LEMON BASIL MARGARITA
Recipe courtesy of Andrea Correale, Founder and President of Elegant Affairs
This Margarita variant swaps out lime juice for lemon and adds the fresh herbal aroma of basil leaves. If you want to lighten and lengthen it, serve it in a Collins glass topped with club soda or citrus-flavored seltzer.
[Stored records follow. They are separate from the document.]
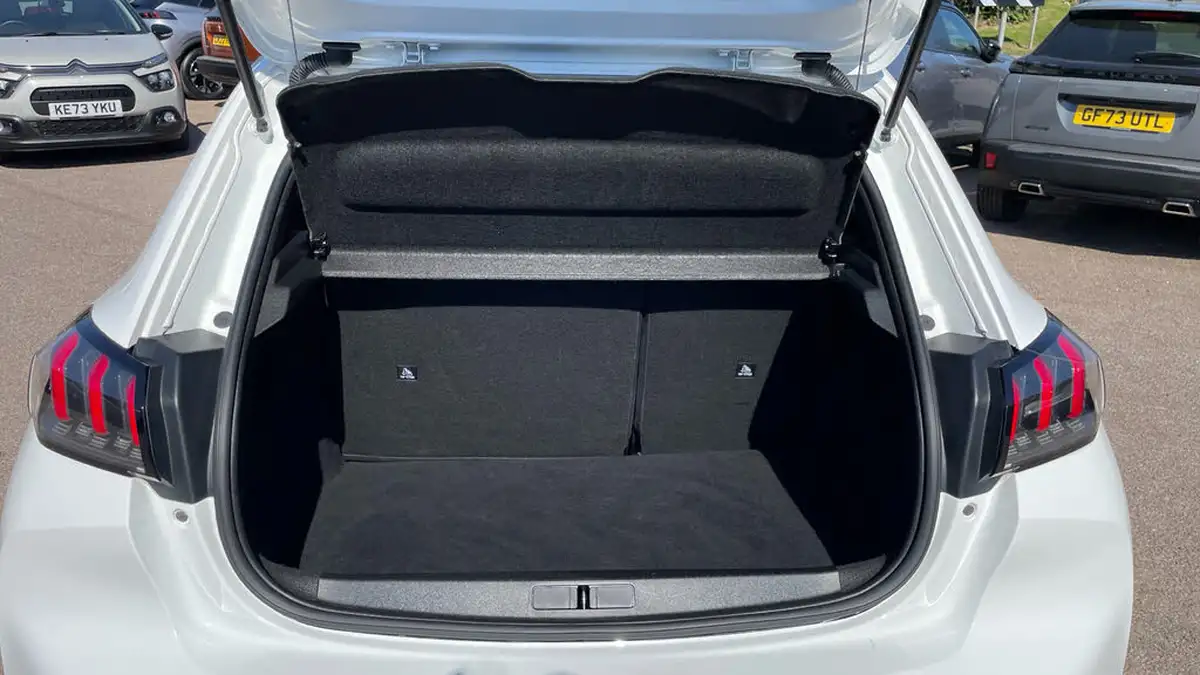 2020-peugeot-208-12-puretech-allure-premium-100bhp-big-18
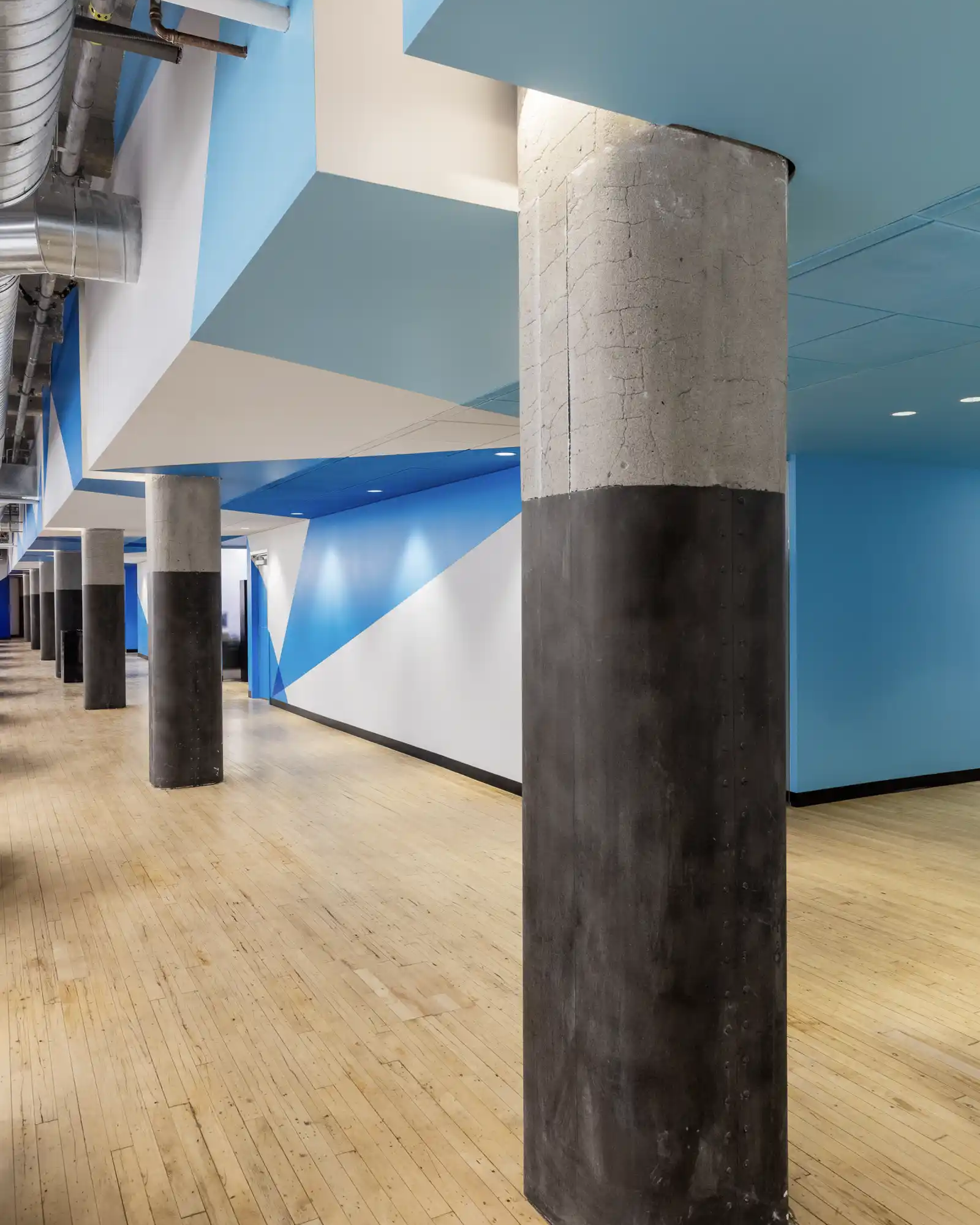 Mur et plafond décorés avec un design visuel immersif et structuré.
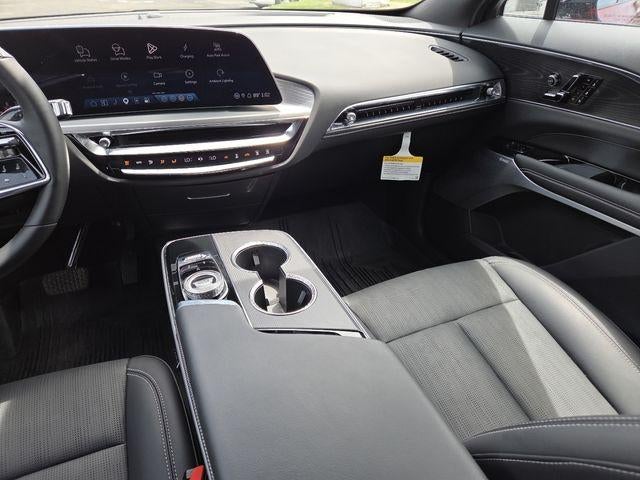 2025 Cadillac LYRIQ Luxury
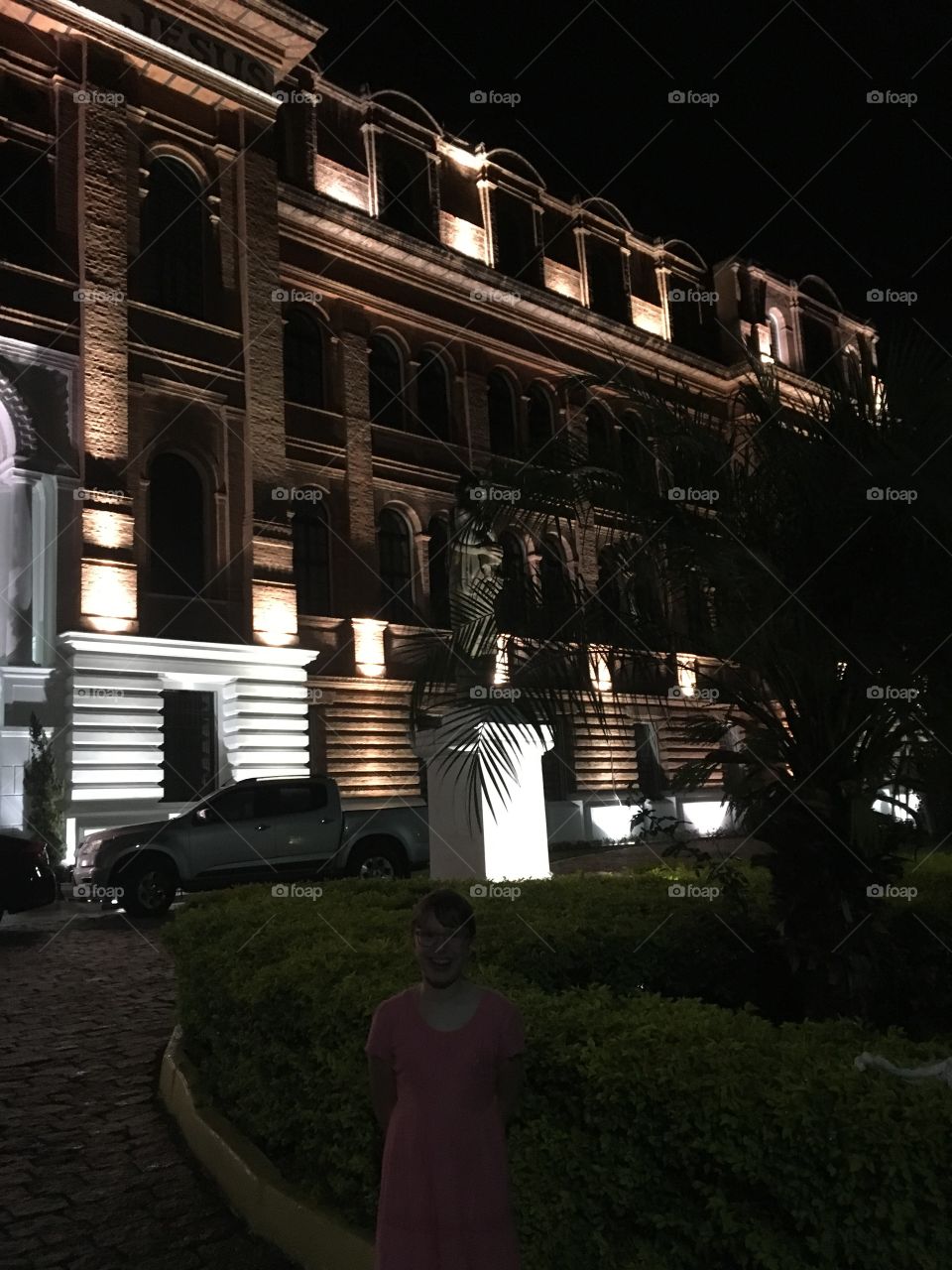 Vista noturna do Hotel - Pousada Bom Jesus (Aparecida). Aqui foi um seminário e se hospedou em 2013 o Papa Francisco, em visita ao Brasil. Lugar maravilhoso!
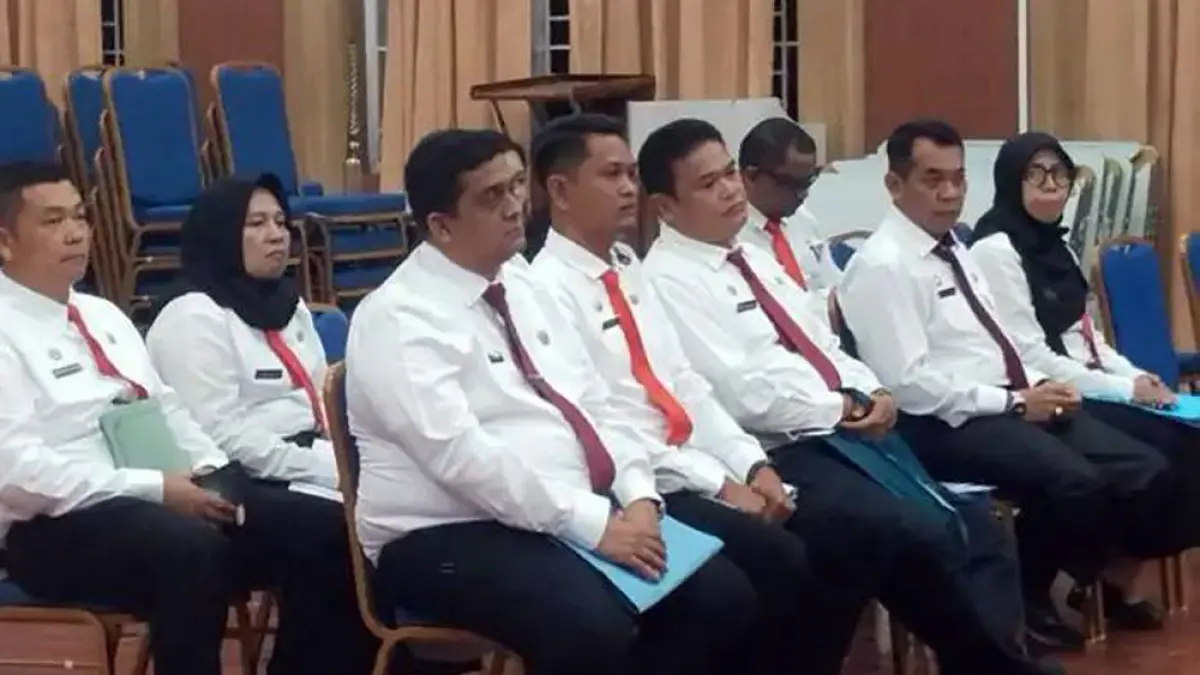 ASN Pemkab Simalungun mengikuti seleksi Jabatan Pimpinan Tinggi (JPT) Pratama berbasis manajemen talenta di Balai Harungguan Tuan Rondahaim Saragih, Kantor Bupati Simalungun. 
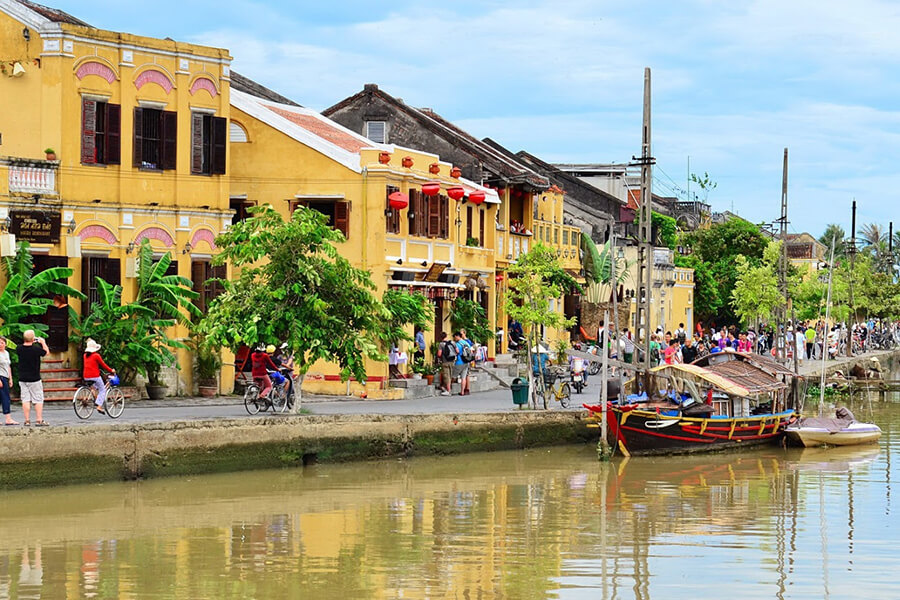 Hoi-An-in-morning, Vietnam Beach holidays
- 1 ½ oz tequila, such as 2018 NY International Spirits Competition bronze medal winner Herradura Silver
- 1 oz orange liqueur
- 1 oz. fresh lemon juice
- ½ oz. simple syrup
- 3 basil leaves, for garnish
- Lemon wedge and ½ sugar / ½ salt mixture for rimming glass
- Lemon zest, for garnish
Rub the outside of a rocks glass with the lemon wedge, coat half of it with the sugar and salt mixture and set aside. Add the Tequila, orange liqueur, lemon juice and simple syrup to a cocktail shaker, add ice and shake until well-chilled. Strain into the prepared glass and garnish with the basil leaves (give them a smack first) and lemon wedge.
KOMODO OLD PAL
Recipe courtesy of Karol Ansaldi, Beverage Manager, Groot Hospitality
On the menu at Komodo in Miami, this is a fruitier version of the Negroni with the ABV tempered with vermouth and citrus juice. “The citrus notes of the orange and lime mixed with the bitter notes of the Campari make this drink a perfect aperitif for spring,” Ansaldi says.
- ¾ oz bourbon
- 1 oz Carpano Antica Formula vermouth
- ¾ oz Campari
- ¼ oz St. Germain Elderflower liqueur
- ¾ oz orange juice
- ½ oz lime juice
- Lemon peel, for garnish
Add all ingredients except garnish to a cocktail shaker, add ice and shake until well-chilled. Strain into a rocks glass over fresh ice and garnish with the lemon peel.
FIELDS OF LINEN
Recipe courtesy of Dante Torres, Bartender, Sable Kitchen & Bar
One sip of this drink will transport you to a citrus grove in the Amalfi Coast or a lavender field in the South of France. Bergamot liqueur and orange flower water are best paired with a modern, citrus-forward style of gin, such as D. George Benham Sonoma Dry, silver medalist in the 2018 NYISC.
- 1 oz Suntory Toki Whisky
- 1 oz gin
- ¼ oz Italicus Rosolio Bergamot Liqueur
- ½ oz honey syrup (equal parts honey and warm water, stirred to combine)
- ¾ oz fresh lemon juice
- Dash lavender bitters, such as Scrappy’s
- Dash orange flower water
- Dried lavender sprig, for garnish
Add all ingredients except garnish to a cocktail shaker, add ice and shake until well-chilled. Strain into a coupe and garnish with a dried lavender sprig attached to the glass with a tiny clothespin.